### Records supplied

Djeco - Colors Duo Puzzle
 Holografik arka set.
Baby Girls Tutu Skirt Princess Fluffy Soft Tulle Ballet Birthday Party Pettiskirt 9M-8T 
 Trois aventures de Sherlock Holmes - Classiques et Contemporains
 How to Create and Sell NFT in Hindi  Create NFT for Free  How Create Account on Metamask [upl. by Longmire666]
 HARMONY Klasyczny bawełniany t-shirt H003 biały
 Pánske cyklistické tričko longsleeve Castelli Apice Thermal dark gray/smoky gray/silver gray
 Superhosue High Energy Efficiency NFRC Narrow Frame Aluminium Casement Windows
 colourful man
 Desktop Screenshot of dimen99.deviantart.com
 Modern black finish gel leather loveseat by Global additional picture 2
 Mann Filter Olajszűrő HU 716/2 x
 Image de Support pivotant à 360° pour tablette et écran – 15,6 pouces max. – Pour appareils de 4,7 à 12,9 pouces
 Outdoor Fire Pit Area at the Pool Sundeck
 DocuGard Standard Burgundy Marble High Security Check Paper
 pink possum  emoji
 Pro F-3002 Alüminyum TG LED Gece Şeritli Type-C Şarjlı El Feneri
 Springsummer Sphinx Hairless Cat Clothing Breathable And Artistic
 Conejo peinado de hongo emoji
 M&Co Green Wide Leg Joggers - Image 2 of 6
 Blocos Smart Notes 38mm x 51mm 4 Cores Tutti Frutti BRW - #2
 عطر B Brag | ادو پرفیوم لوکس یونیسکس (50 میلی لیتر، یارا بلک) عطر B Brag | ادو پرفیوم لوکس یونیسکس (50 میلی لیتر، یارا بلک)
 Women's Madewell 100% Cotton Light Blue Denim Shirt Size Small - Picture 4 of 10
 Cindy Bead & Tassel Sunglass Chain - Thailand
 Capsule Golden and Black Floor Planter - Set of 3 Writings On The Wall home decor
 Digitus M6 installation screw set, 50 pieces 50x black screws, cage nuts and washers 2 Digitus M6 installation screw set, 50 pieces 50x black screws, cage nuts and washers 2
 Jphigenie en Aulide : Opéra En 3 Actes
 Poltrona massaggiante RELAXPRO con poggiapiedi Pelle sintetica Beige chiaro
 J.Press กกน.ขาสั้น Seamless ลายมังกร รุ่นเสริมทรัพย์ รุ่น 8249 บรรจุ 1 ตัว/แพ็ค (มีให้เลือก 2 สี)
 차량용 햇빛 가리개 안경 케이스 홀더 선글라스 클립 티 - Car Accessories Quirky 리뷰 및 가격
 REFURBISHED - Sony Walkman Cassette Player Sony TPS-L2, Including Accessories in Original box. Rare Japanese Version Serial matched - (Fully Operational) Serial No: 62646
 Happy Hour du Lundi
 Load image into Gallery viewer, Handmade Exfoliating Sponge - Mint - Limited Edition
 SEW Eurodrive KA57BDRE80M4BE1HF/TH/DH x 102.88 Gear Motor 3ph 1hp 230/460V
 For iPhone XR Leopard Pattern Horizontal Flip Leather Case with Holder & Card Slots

### Activity
Once more and in full, please write out the listing above exactly.

### The completed task
Djeco - Colors Duo Puzzle
 Holografik arka set.
Baby Girls Tutu Skirt Princess Fluffy Soft Tulle Ballet Birthday Party Pettiskirt 9M-8T 
 Trois aventures de Sherlock Holmes - Classiques et Contemporains
 How to Create and Sell NFT in Hindi  Create NFT for Free  How Create Account on Metamask [upl. by Longmire666]
 HARMONY Klasyczny bawełniany t-shirt H003 biały
 Pánske cyklistické tričko longsleeve Castelli Apice Thermal dark gray/smoky gray/silver gray
 Superhosue High Energy Efficiency NFRC Narrow Frame Aluminium Casement Windows
 colourful man
 Desktop Screenshot of dimen99.deviantart.com
 Modern black finish gel leather loveseat by Global additional picture 2
 Mann Filter Olajszűrő HU 716/2 x
 Image de Support pivotant à 360° pour tablette et écran – 15,6 pouces max. – Pour appareils de 4,7 à 12,9 pouces
 Outdoor Fire Pit Area at the Pool Sundeck
 DocuGard Standard Burgundy Marble High Security Check Paper
 pink possum  emoji
 Pro F-3002 Alüminyum TG LED Gece Şeritli Type-C Şarjlı El Feneri
 Springsummer Sphinx Hairless Cat Clothing Breathable And Artistic
 Conejo peinado de hongo emoji
 M&Co Green Wide Leg Joggers - Image 2 of 6
 Blocos Smart Notes 38mm x 51mm 4 Cores Tutti Frutti BRW - #2
 عطر B Brag | ادو پرفیوم لوکس یونیسکس (50 میلی لیتر، یارا بلک) عطر B Brag | ادو پرفیوم لوکس یونیسکس (50 میلی لیتر، یارا بلک)
 Women's Madewell 100% Cotton Light Blue Denim Shirt Size Small - Picture 4 of 10
 Cindy Bead & Tassel Sunglass Chain - Thailand
 Capsule Golden and Black Floor Planter - Set of 3 Writings On The Wall home decor
 Digitus M6 installation screw set, 50 pieces 50x black screws, cage nuts and washers 2 Digitus M6 installation screw set, 50 pieces 50x black screws, cage nuts and washers 2
 Jphigenie en Aulide : Opéra En 3 Actes
 Poltrona massaggiante RELAXPRO con poggiapiedi Pelle sintetica Beige chiaro
 J.Press กกน.ขาสั้น Seamless ลายมังกร รุ่นเสริมทรัพย์ รุ่น 8249 บรรจุ 1 ตัว/แพ็ค (มีให้เลือก 2 สี)
 차량용 햇빛 가리개 안경 케이스 홀더 선글라스 클립 티 - Car Accessories Quirky 리뷰 및 가격
 REFURBISHED - Sony Walkman Cassette Player Sony TPS-L2, Including Accessories in Original box. Rare Japanese Version Serial matched - (Fully Operational) Serial No: 62646
 Happy Hour du Lundi
 Load image into Gallery viewer, Handmade Exfoliating Sponge - Mint - Limited Edition
 SEW Eurodrive KA57BDRE80M4BE1HF/TH/DH x 102.88 Gear Motor 3ph 1hp 230/460V
 For iPhone XR Leopard Pattern Horizontal Flip Leather Case with Holder & Card Slots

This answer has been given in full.